## YOUR OBJECTIVE
Going from the line that contains "La Rana vestido-29cm-0+" through the last line of the records, set down each line again exactly, both included, with pictures left out.

(Stored data entries)
%%
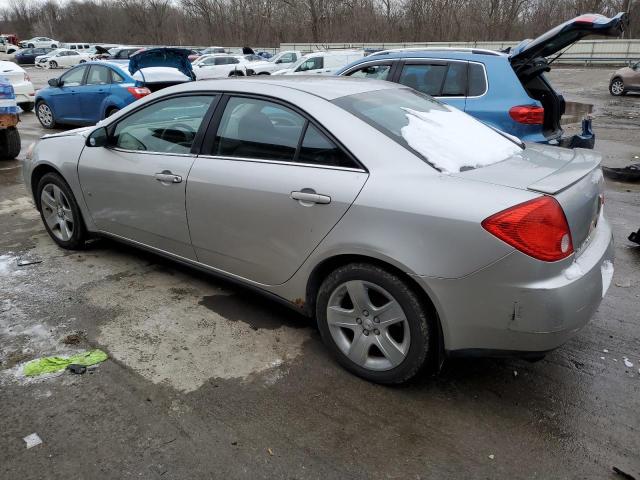 1G2ZG57B284137070 - 2008 PONTIAC G6 BASE SILVER photo 2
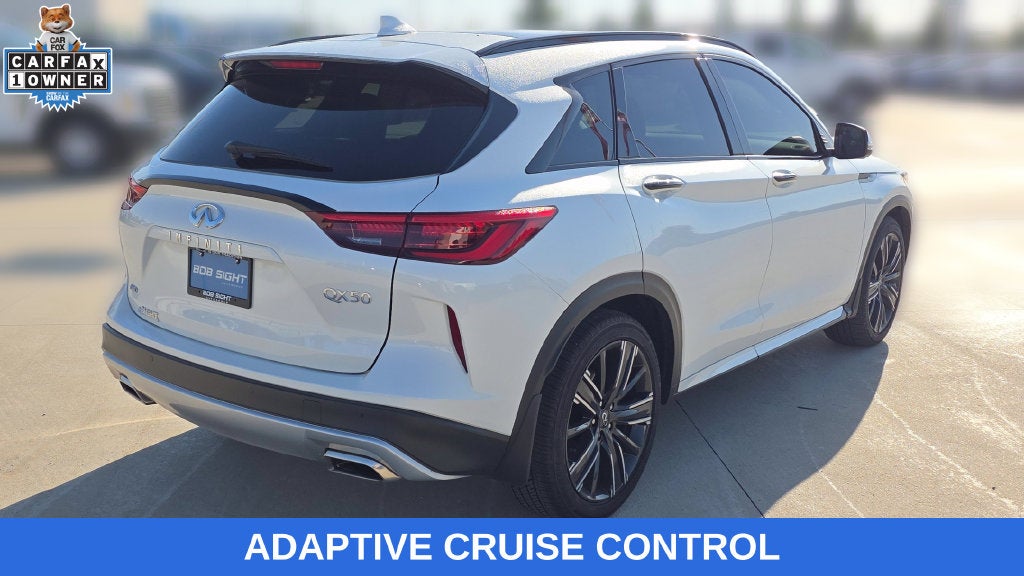 2023 INFINITI QX50 Sensory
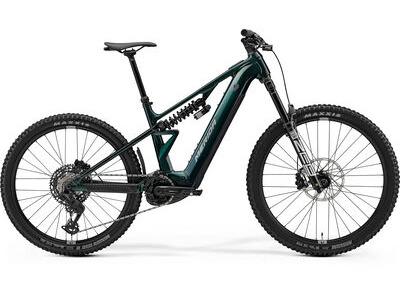 Merida eOne-Eighty FR 800 - Halo Green (Grey) - MY26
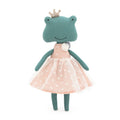 Peluche de algodón,  Fiona La Rana vestido-29cm-0+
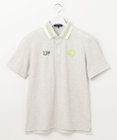 23区GOLF 【MEN】ライトハニカム 半袖ポロシャツ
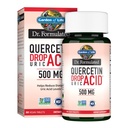 Vrt življenja Quercetin Probiotic & sečne kisline Podpora s Tart Cherry, Vitamin C iz organskih Acerola in Rose HIPS Plus Luteolin – Dr Formulirani – Gluten Prost in ne GSO – 60 tablet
%%
## WRITTEN RESPONSE
 Peluche de algodón,  Fiona La Rana vestido-29cm-0+
 23区GOLF 【MEN】ライトハニカム 半袖ポロシャツ
 Vrt življenja Quercetin Probiotic & sečne kisline Podpora s Tart Cherry, Vitamin C iz organskih Acerola in Rose HIPS Plus Luteolin – Dr Formulirani – Gluten Prost in ne GSO – 60 tablet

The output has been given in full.